Влюбленные противоположности. О чем повествует рассказ Бромлей? Не только о том, что происходит, когда идейная «гроза» все-таки оплодотворяет землю: об этом написан роман «Боги жаждут». Попробуем выявить потаенную мысленную пружину новеллы. Лариво – сын либерального воспитателя короля, приложившего руку к изгнанию иезуитов, и он гордо заявляет в лицо Лагалетту: «Моему отцу не удалось сделать короля республиканцем – я делаю республиканцами его подданных». Между Лариво и Лагалеттом не просто вспыхивает ненависть, а устанавливаются странные отношения: «личные, страстные, скрытные». Лагалетт просит у Лариво – оба живут при коллеже – котенка. Оба рассыпаются в любезностях: «Я склоняюсь – он склоняется – и вот, склонив лбы, мы взглядываем друг на друга, подобно двум козлам перед дракой, – и видим скрытый смех в глазах врага. Поклон».
Ночью Лариво заглядывает в окно Лагалетта.
«Серый свет лежит на полу; келья так одинока <…> на полу, подняв худую поясницу, маленький епископ лежит в коленопреклоненной мольбе. Вот нежный силуэт вихрастого кота вползает зябким кошачьим движением из-под коленок вверх; рука Лагалетта тянется назад; котенок занялся рукой. Лагалетт лежит лбом на земле, забыв молитву, и играет с котенком, торчащим на его заду» (с. 89–90).
Перед нами повышенный интерес, напряженное вглядывание противоположных полюсов друг в друга, личная заинтересованность, чуть ли не взаимная влюбленность. Сцена с котенком показывает, что сердцу героя свойственно сострадание к одиночеству и физической слабости врага.

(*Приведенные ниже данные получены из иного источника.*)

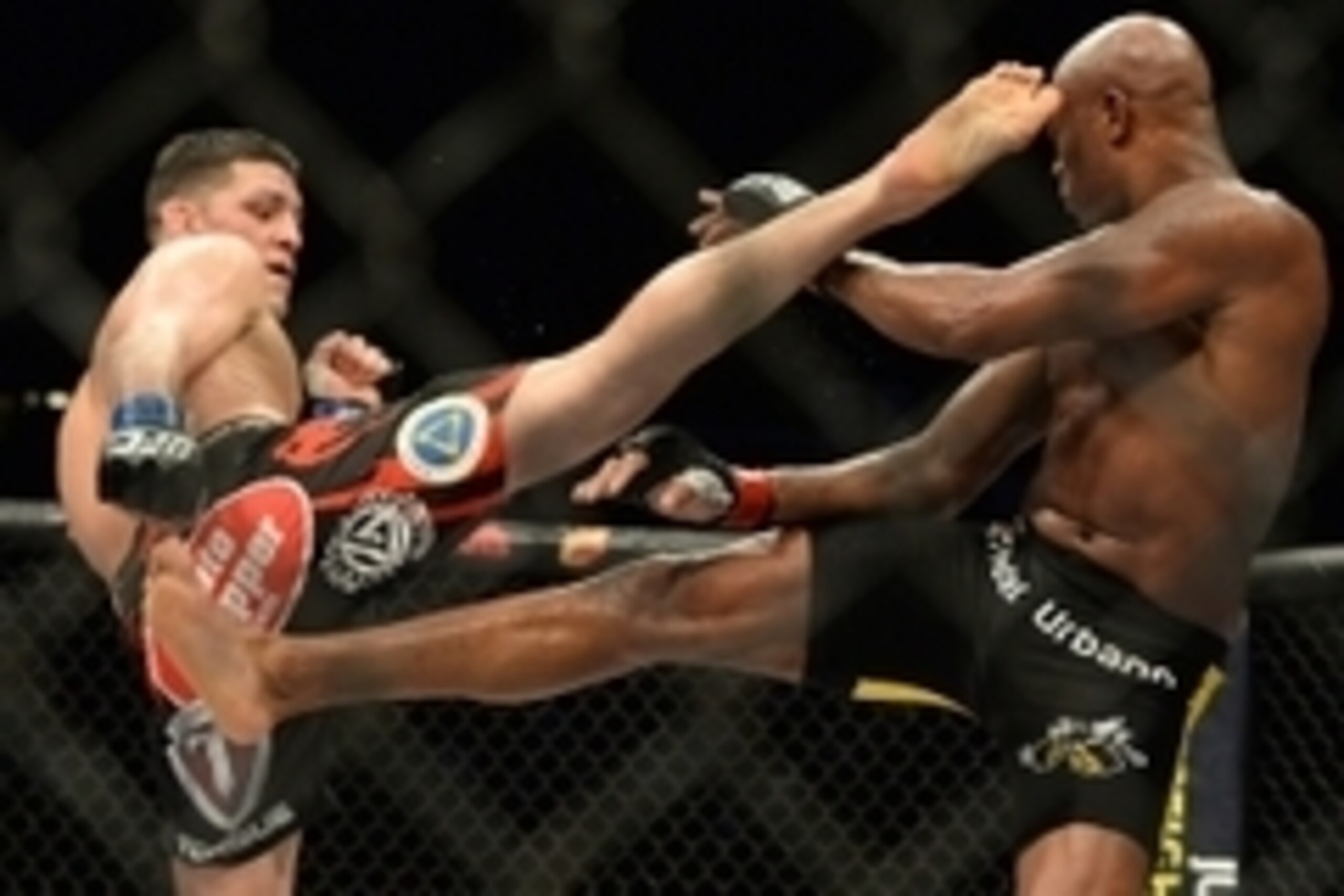 Jan 31, 2015; Las Vegas, NV, USA; Nick Diaz (blue gloves) and Anderson Silva (red gloves) exchange kicks during their middleweight bout during UFC 183 at the MGM Grand Garden Arena. Mandatory Credit: Jayne Kamin-Oncea-USA TODAY Sports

С кем Христос? По вине Лагалетта Лариво ссылают. Но опыт изменяет героя: «Великая любовница и великий ум стоили друг друга. Они сделали то, что я стал простым, умеренным смертным – и великая революция меня пощадила».
К вернувшемуся Лариво возвращается его овдовевшая служанка Дениза: «Она не пыталась осмыслить событий, но была добра». Сам Лариво – секретарь суда, он «стал проще в эти годы», думает «о доброте, о смерти» и «сохранил доброту, но стал чрезвычайно, до крайности спокоен». Герой знает, что, «убивая, он не имеет права жить», и постоянно готов «встретить смерть, как добрую соседку». Смерть и доброта здесь идут вместе. Но в каком смысле?